*** Data for the task Section Begins ***
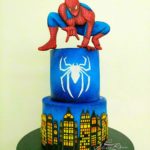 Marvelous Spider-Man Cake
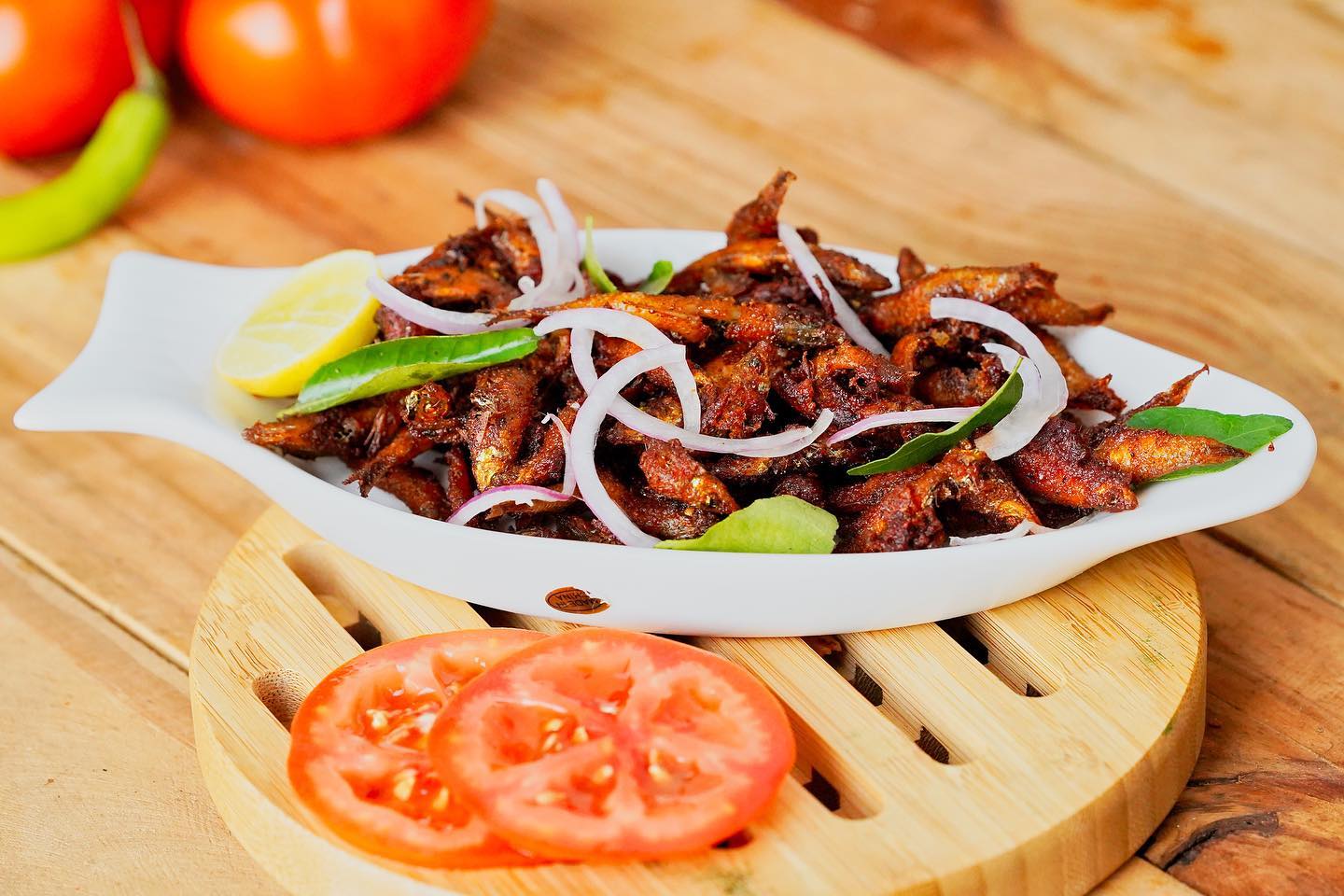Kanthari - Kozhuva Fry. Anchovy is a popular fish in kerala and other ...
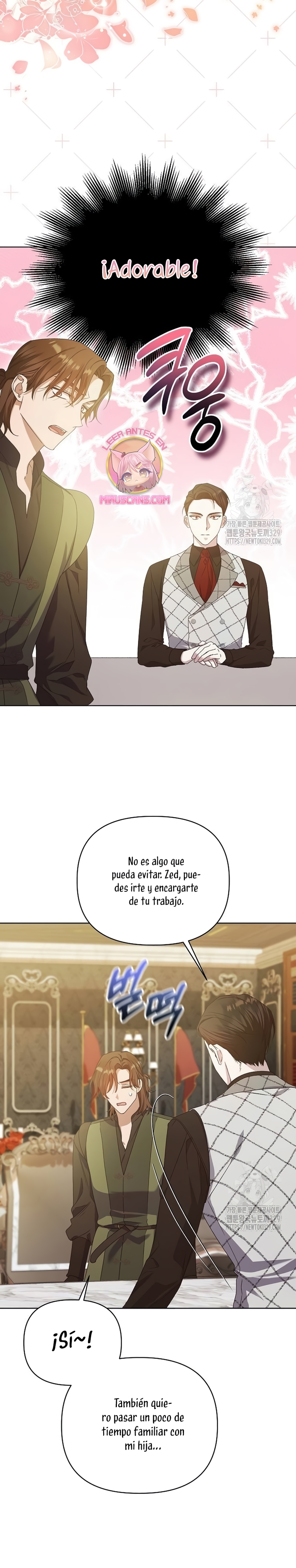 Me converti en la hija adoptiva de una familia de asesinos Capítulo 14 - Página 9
*** Data for the task Section Ends ***
*** Data for the task Section Begins ***
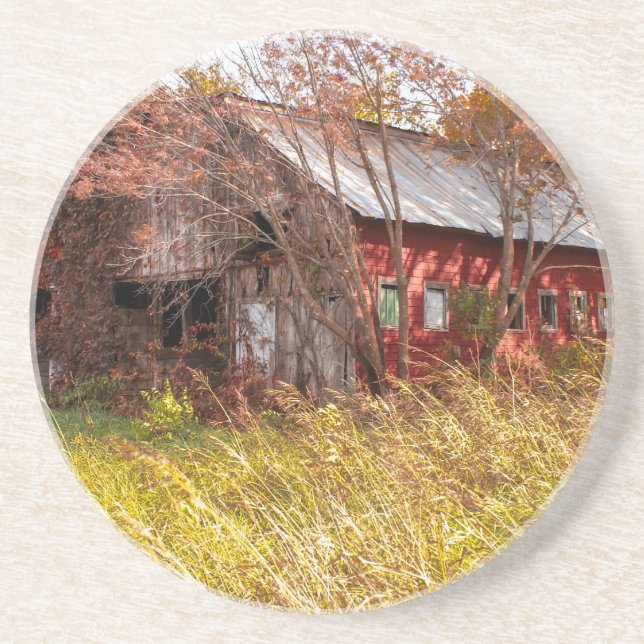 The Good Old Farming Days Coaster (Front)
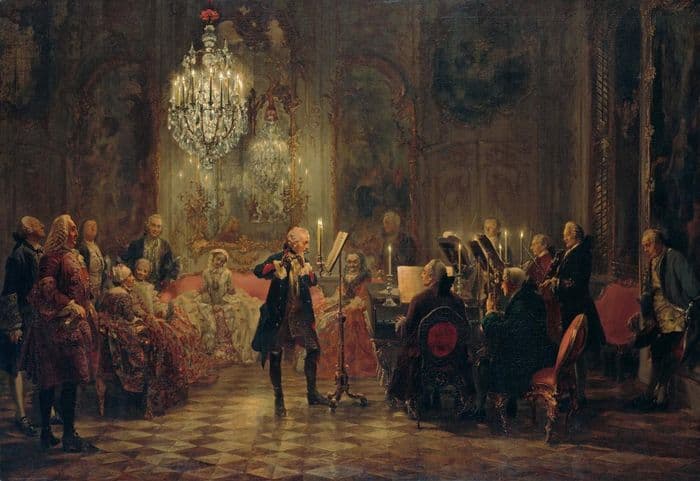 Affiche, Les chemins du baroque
*** Data for the task Section Ends ***
In the listing above, find the line containing "The Good Old Farming Days Coaster (Front)" and the line containing "Affiche, Les chemins du baroque"; print those lines and every line between them exactly, leaving out pictures.

(Answer space):
 The Good Old Farming Days Coaster (Front)
 Affiche, Les chemins du baroque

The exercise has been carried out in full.